Ta strona została przetłumaczona automatycznie i dokładność tłumaczenia nie jest gwarantowana. Proszę odnieść się do angielska wersja za tekst źródłowy.

Wczesne skutki chirurgiczne i czynniki wpływające na wysoką osteotomię kości piszczelowej w leczeniu choroby zwyrodnieniowej stawu kolanowego

16 lipca 2024 zaktualizowane przez: Shufeng Li
Badanie czynników wpływających na pooperacyjną regenerację funkcjonalną po wysokiej osteotomii kości piszczelowej

Przegląd badań

Status

Zakończony

Warunki

Interwencja / Leczenie

Szczegółowy opis

Przeprowadzono retrospektywne badanie pacjentów, którzy przeszli HTO w First Affiliated Hospital of Shandong First Medical University w okresie od stycznia 2018 r. do grudnia 2020 r. i oceniano wskaźniki obrazowania przedoperacyjnego i pooperacyjnego [przyśrodkowy proksymalny kąt kości piszczelowej (MPTA), kąt przecięcia linii stawowej (JLCA) , kąt biodrowo-kolanowy-kostkowy (kąt HKA), procent linii obciążającej kolano (WBL%), pooperacyjna odległość dystrakcji, pooperacyjny kąt dystrakcji] i punktacja funkcji stawu kolanowego [w tym ocena kolana według American Hospital for Special Surgery (HSS), Wynik American Knee Society (KSS), wynik Lysholma, wynik wskaźnika choroby zwyrodnieniowej stawów na uniwersytetach Western Ontario i McMaster (WOMAC) i wszystkie zostały uwzględnione w analizie regresji logistycznej w celu zbadania efektu chirurgicznego i wpływu czynnika HTO

Typ studiów

Obserwacyjny

Zapisy (Rzeczywisty)

78

Kontakty i lokalizacje

Ta sekcja zawiera dane kontaktowe osób prowadzących badanie oraz informacje o tym, gdzie badanie jest przeprowadzane.

Lokalizacje studiów

  • Chiny
    • Shandong
      • Jinan, Shandong, Chiny, 270000
        • The First Affiliated Hospital of Shandong First Medical University

Kryteria uczestnictwa

Badacze szukają osób, które pasują do określonego opisu, zwanego kryteriami kwalifikacyjnymi.

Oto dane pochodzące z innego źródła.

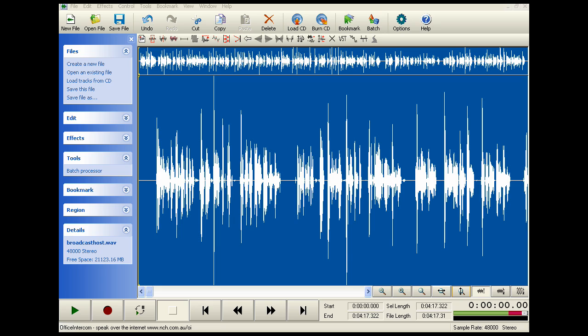Well, I hope this has helped somebody out there. And be sure to tune in as we look at the other noise removal features on audio editing programs. Until next time.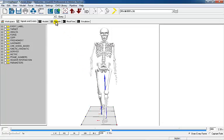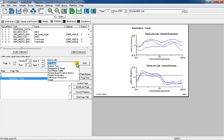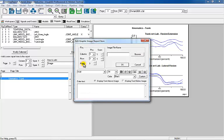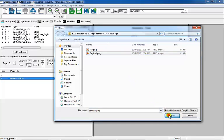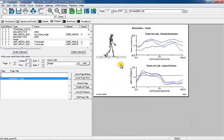Once the images have been exported, go to page 3 of the report. Set the item to Add as Image and browse to the sagittal image just exported. Make sure the column and row numbers are set to 1, while the page number is set to 3.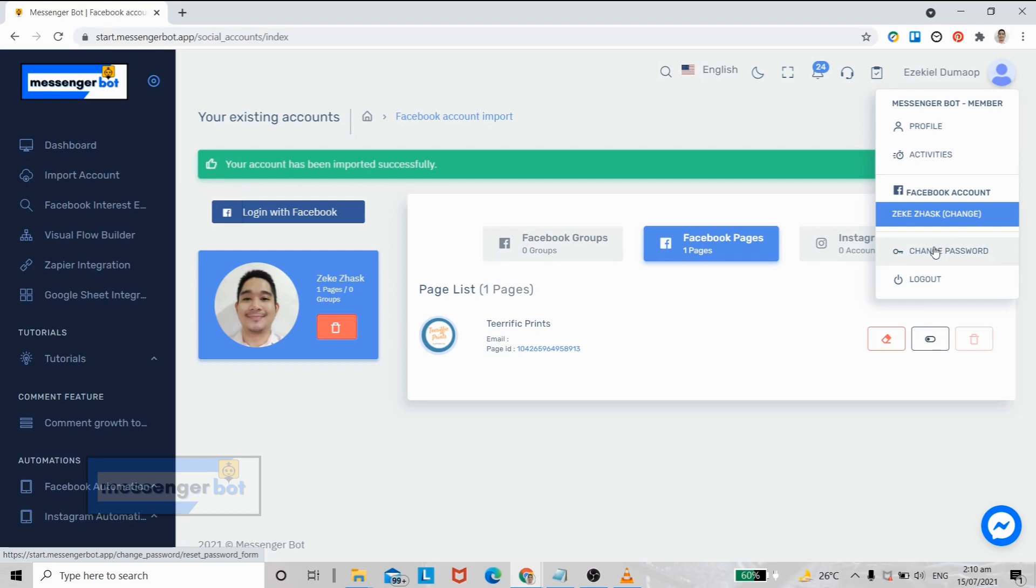And also if you manage multiple Facebook accounts, you can change them here. If you want to change your password, just select this option. And if you want to call it a day, you can always log out.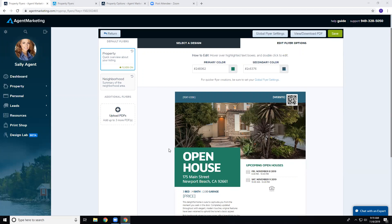Next week we're doing the CMA report, which is really easy to create for any of your listings and can be downloaded as a PDF. If you ever need help with anything, please feel free to call our support team or chat with them — they'll be happy to help. See you next Wednesday and have a great rest of your week!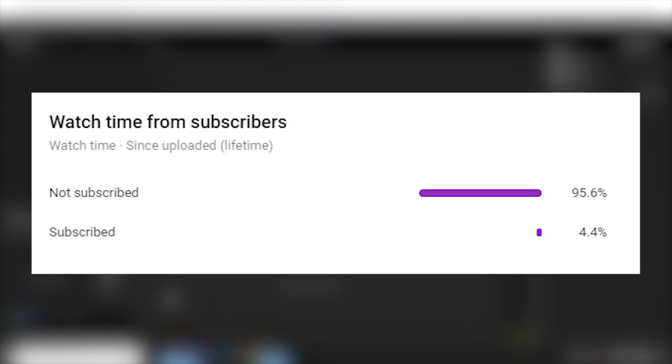Just quickly, 90% of the people that watch my videos aren't actually subscribed to the channel, so if you could subscribe, that would actually mean a lot. It's free and you can always unsubscribe later if you don't like my content. Anyway, enjoy the video.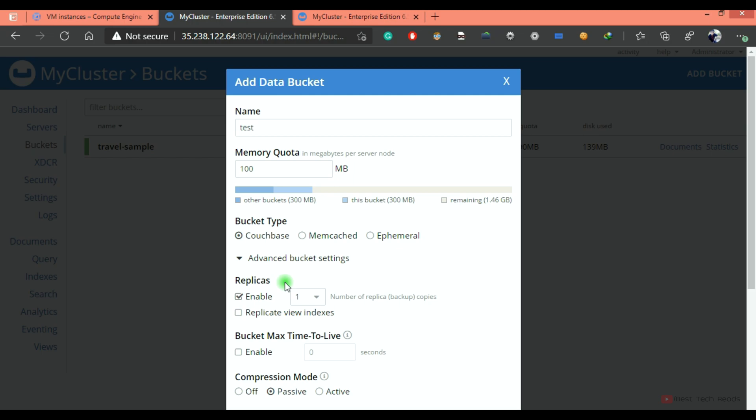So the purpose of the replicas is to serve the user requests in case of any failure. These replica copies or replica vbuckets are available on the other nodes. So whenever the node which is having this active vbuckets for this bucket got failed over, that time the replica vbuckets or replica copies will be promoted as active and will serve the user request.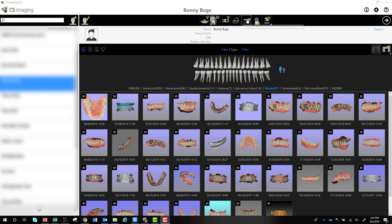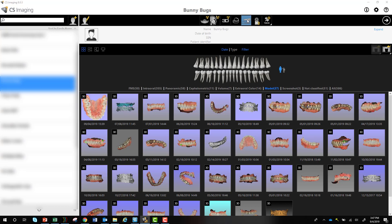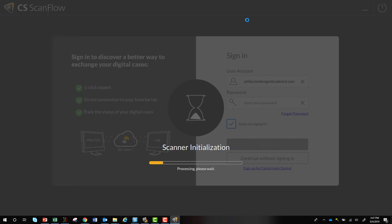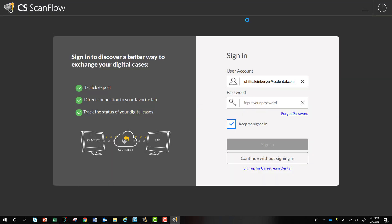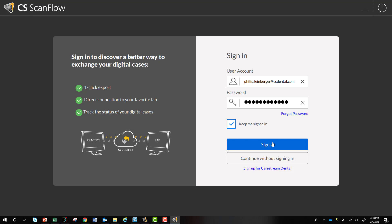First, you're going to select the scanner icon just like normal, and the first screen you'll see is your login screen. With your existing versions, every single scan you want to send to CS Connect asks you for your credentials each time. Here, you can log in once and stay logged in for a full week.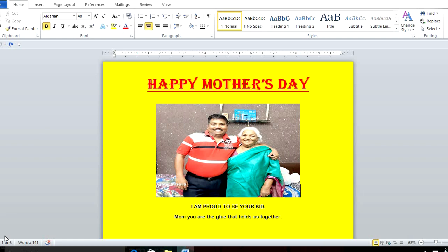Good morning students. Today's topic in Microsoft Word is to make an advertisement, card, or poster. Today is Mother's Day, so happy Mother's Day to every mom in the world. I have made this poster — a card — with 'Happy Mother's Day,' an image, and text that reads: 'I am proud to be your kid, Mom. You are the glue that holds us together.'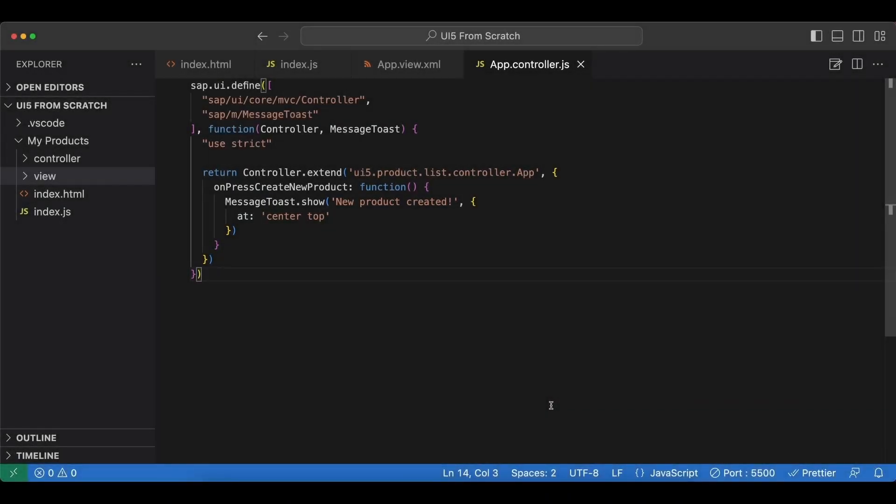Hello ladies and gents, in this video we will encapsulate our application inside a so-called component. By doing so we will achieve two things.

Niektóre przykłady tych kryteriów to ogólny stan zdrowia danej osoby lub wcześniejsze leczenie.

Kryteria kwalifikacji

Wiek uprawniający do nauki

  • Dziecko
  • Dorosły
  • Starszy dorosły

Akceptuje zdrowych ochotników

Nie

Metoda próbkowania

Próbka bez prawdopodobieństwa

Badana populacja

Uczestnikami badania byli pacjenci, którzy przeszli zabieg HTO z otwartym przyśrodkowo z powodu KOA w Pierwszym Szpitalu Stowarzyszonym Pierwszego Uniwersytetu Medycznego w Shandong w okresie od stycznia 2018 r. do grudnia 2020 r. Artykuł ten obejmował łącznie 45 pacjentów z II i III stopniem zapalenia stawów według klasyfikacji Kellgrena-Lawrence’a. Było 28 przypadków, w tym 5 pacjentów w stopniu IV.

Opis

Kryteria przyjęcia:

  • OA przyśrodkowego stawu kolanowego, deformacja szpotawa dotyczy głównie kości piszczelowej
  • Wiek ≤70 lat, z większymi wymaganiami dotyczącymi przyszłej działalności
  • Prost stawu kolanowego jest ograniczony do ≤10°, a zgięcie >90°
  • Wskaźnik masy ciała (BMI) ≤ 40
  • Brak podchrzęstnego zużycia kości

Kryteria wyłączenia:

  • W przeszłości występowały złamania lub operacje kończyny dolnej po stronie operowanej
  • Traumatyczne KO
  • W połączeniu z chorobami nerwów, mięśni lub tkanki łącznej
  • Niekompletne dane obrazowe i utrata obserwacji

Plan studiów

Ta sekcja zawiera szczegółowe informacje na temat planu badania, w tym sposób zaprojektowania badania i jego pomiary.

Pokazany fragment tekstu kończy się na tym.